Aprire una impresa in Italia come stranieri: luoghi comuni da sfatare – II

Proseguiamo il dialogo con una persona straniera interessata ad avviare una impresa in Italia analizzando un altro argomento spesso impiegato a sproposito: la eccessiva tassazione sulle imprese.
Non è sempre così, dipende. Per un piccolo imprenditore senza dipendenti, la tassazione del reddito oscilla tra il 25 e il 35%, mentre vi sono regimi fiscali agevolati che possono farla scendere di molto, addirittura al 5%. E’ vero che se si assumono dipendenti, il meccanismo fiscale dell’IRAP può portare a percentuali di tassazione molto alte.
La tassazione in Italia potrebbe diminuire se si diminuisse l’evasione fiscale.

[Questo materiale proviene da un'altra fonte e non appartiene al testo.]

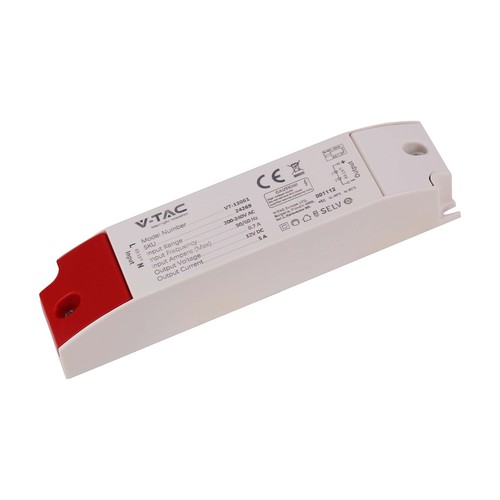 60W / 12V DC strömförsörjning för LED-strips - 5A, IP44 våtrum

I sistemi di controllo sull’evasione sono ormai molto sofisticati, quello che però continua a rimanere immutato è lo scarso senso nazionale degli italiani. Pagare le tasse è visto da molti come un dovere imposto da uno stato nemico. Secoli di dominazione straniera hanno indebolito la coscienza nazionale, così la scelta di trasferire all’estero l’azienda come ha fatto la Fiat di Marchionne non viene vista come offensiva (pensiamo come reagirebbero i tedeschi se la Volkswagen si trasferisse all’estero), ma come un fatto “normale”. I rappresentanti del governo del resto non si indignano, ma si onorano dell’”amicizia” di questi imprenditori, accentuando così il declino dell’industria nazionale.

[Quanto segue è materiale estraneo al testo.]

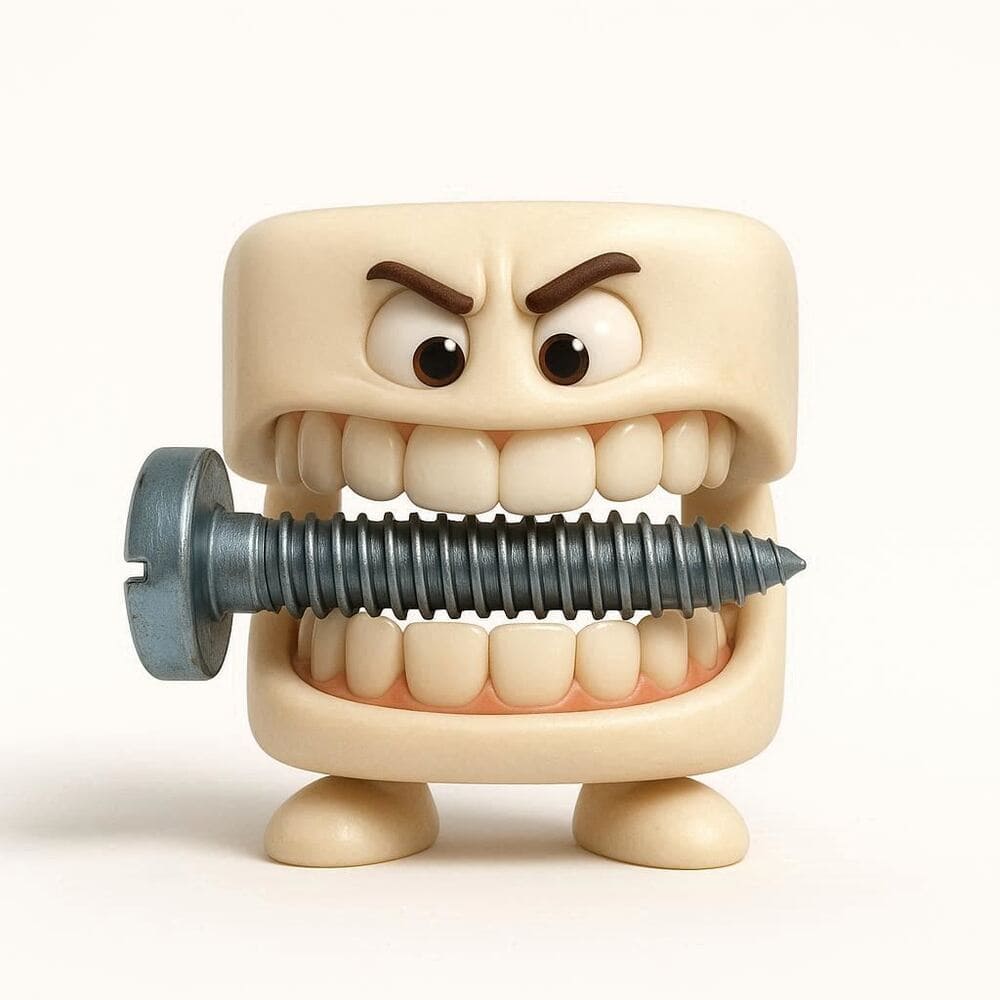 Мнемоническая картинка к слову TEETH — Зубы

Vero è invece che in Italia sono molto alti i costi previdenziali, per le pensioni degli imprenditori e dei dipendenti. In Italia il versamento pensionistico non si può evitare, e deve essere fatto obbligatoriamente all’INPS (salvo i casi di liberi professionisti dotati di ordini e casse previdenziali autonome). Questo vale anche per cittadini stranieri che lavorino in Italia.
La crisi economica che dura dal 2008 ha determinato un pesante calo dell’occupazione e quindi dei versamenti pensionistici, mentre l’età delle persone fortunatamente è continuata ad aumentare. Di qui una pressione sul sistema previdenziale, con continui aumenti delle aliquote contributive, allungamenti dell’età pensionistica e abbassamenti delle prestazioni. Versare sempre di più, lavorare fin oltre i 70 anni, ricevere pensioni basse: sembra questo il destino del lavoratore, che quindi dovrà provvedere alla propria vecchiaia con forme di rendita integrative.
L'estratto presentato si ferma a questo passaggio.